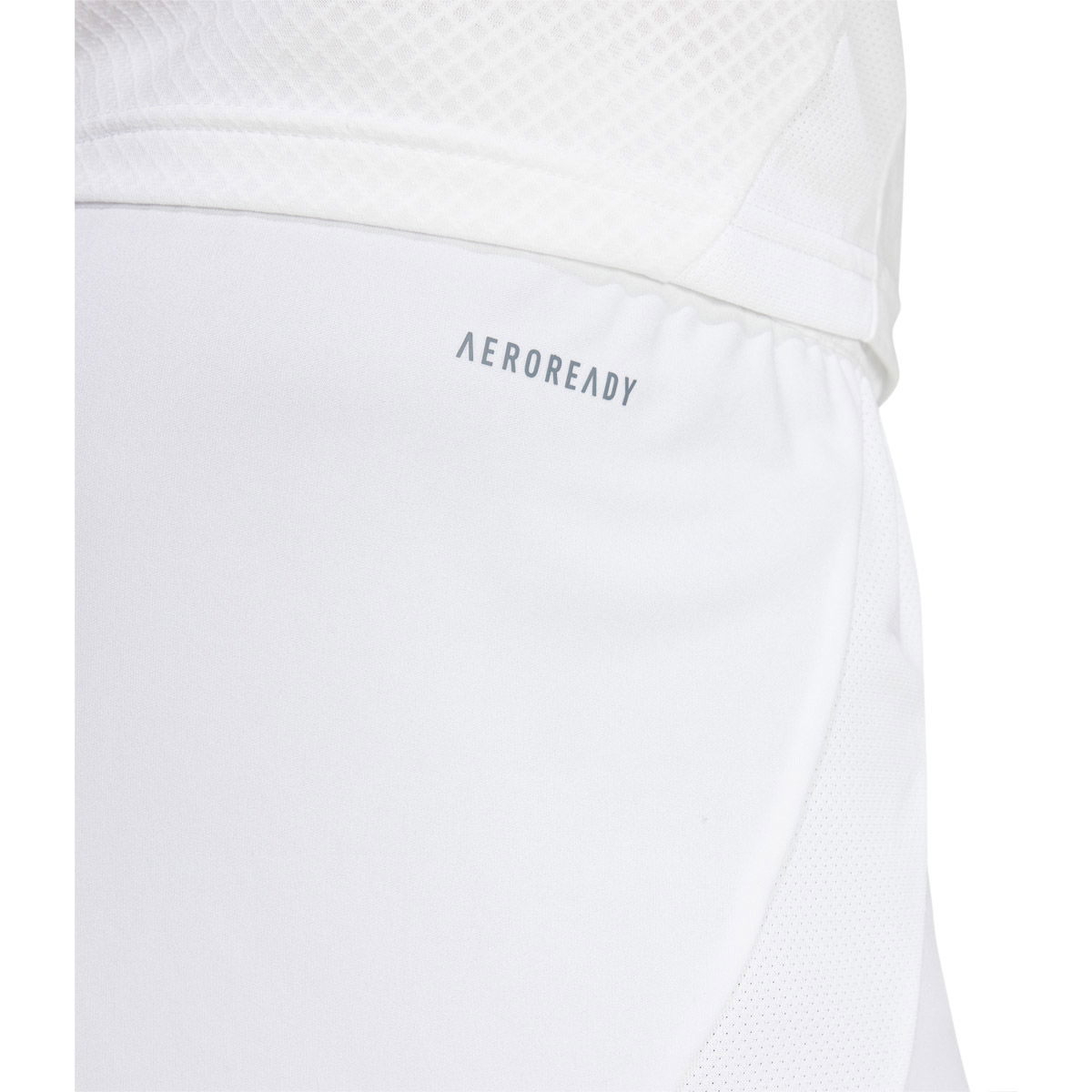 Real Madrid Hjemmebaneshorts 24/25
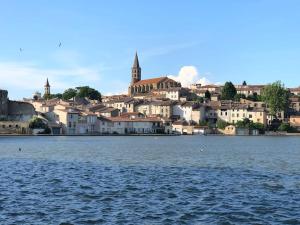 Maisons de vacances Gite le grand bassin : photos des chambres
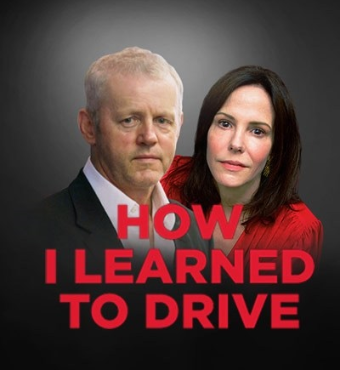 How I Learned To Drive New York 2020 Tickets | Samuel J. Friedman Theatre 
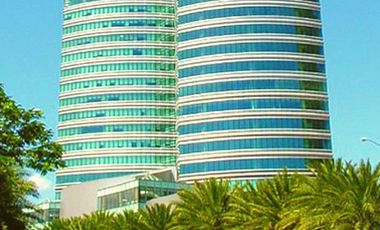 Office Space for Lease in Insular Life Corporate Centre, Alabang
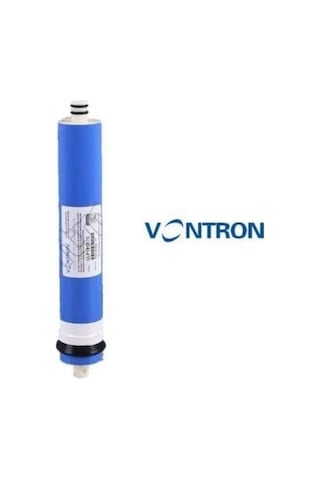 Sulook Su Arıtma Cihazı Filtresi 6 Lı Filtreli 9 Aşamalı Vontron Membran Filtre Seti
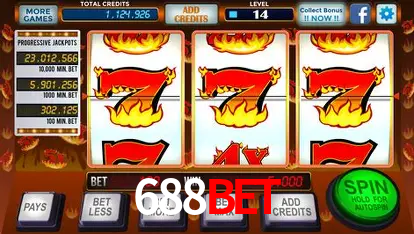 Inovações de Jogos na 688BET: O Futuro das Experiências Interativas
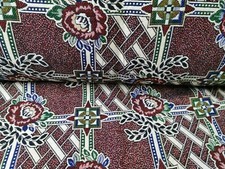 Moroccan Diamonds Tapestry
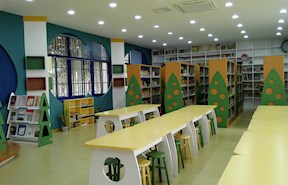 小學圖書館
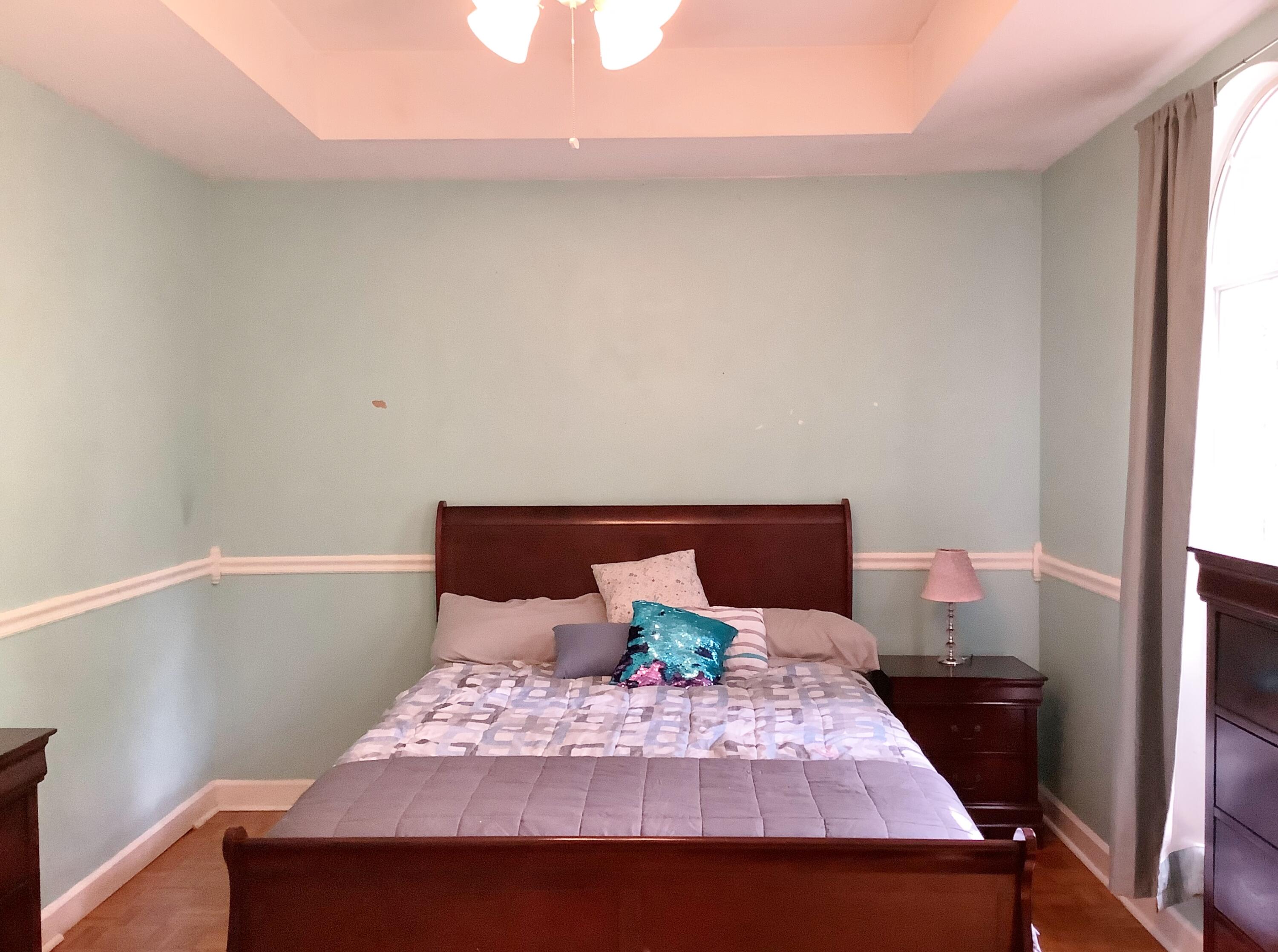 SHIRKS BAYOU - Residential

□ □ □

Nothing but the pictures should be left out when the records are retyped exactly.

| EXERCISE SOLUTION |
 Real Madrid Hjemmebaneshorts 24/25
 Maisons de vacances Gite le grand bassin : photos des chambres
 How I Learned To Drive New York 2020 Tickets | Samuel J. Friedman Theatre 
 Office Space for Lease in Insular Life Corporate Centre, Alabang
 Sulook Su Arıtma Cihazı Filtresi 6 Lı Filtreli 9 Aşamalı Vontron Membran Filtre Seti
 Inovações de Jogos na 688BET: O Futuro das Experiências Interativas
 Moroccan Diamonds Tapestry
 小學圖書館
 SHIRKS BAYOU - Residential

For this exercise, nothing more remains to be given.